**Data records:**
============

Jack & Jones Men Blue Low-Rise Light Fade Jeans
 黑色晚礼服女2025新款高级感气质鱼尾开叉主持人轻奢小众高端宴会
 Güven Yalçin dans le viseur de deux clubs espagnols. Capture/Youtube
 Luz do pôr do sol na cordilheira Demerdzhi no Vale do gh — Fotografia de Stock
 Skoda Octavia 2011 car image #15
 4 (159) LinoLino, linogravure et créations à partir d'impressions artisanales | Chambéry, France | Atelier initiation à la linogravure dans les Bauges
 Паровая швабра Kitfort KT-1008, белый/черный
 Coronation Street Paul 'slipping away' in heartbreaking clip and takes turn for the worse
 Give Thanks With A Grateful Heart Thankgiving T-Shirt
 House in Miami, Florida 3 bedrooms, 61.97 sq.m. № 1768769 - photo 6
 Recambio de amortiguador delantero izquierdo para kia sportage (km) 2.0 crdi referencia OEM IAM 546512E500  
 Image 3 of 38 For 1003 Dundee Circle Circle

============

**Task description:** Look above for the line with "黑色晚礼服女2025新款高级感气质鱼尾开叉主持人轻奢小众高端宴会" and the line with "Skoda Octavia 2011 car image #15". Retype those two lines and every line between them exactly, adding nothing.

**Exercise solution:**
 黑色晚礼服女2025新款高级感气质鱼尾开叉主持人轻奢小众高端宴会
 Güven Yalçin dans le viseur de deux clubs espagnols. Capture/Youtube
 Luz do pôr do sol na cordilheira Demerdzhi no Vale do gh — Fotografia de Stock
 Skoda Octavia 2011 car image #15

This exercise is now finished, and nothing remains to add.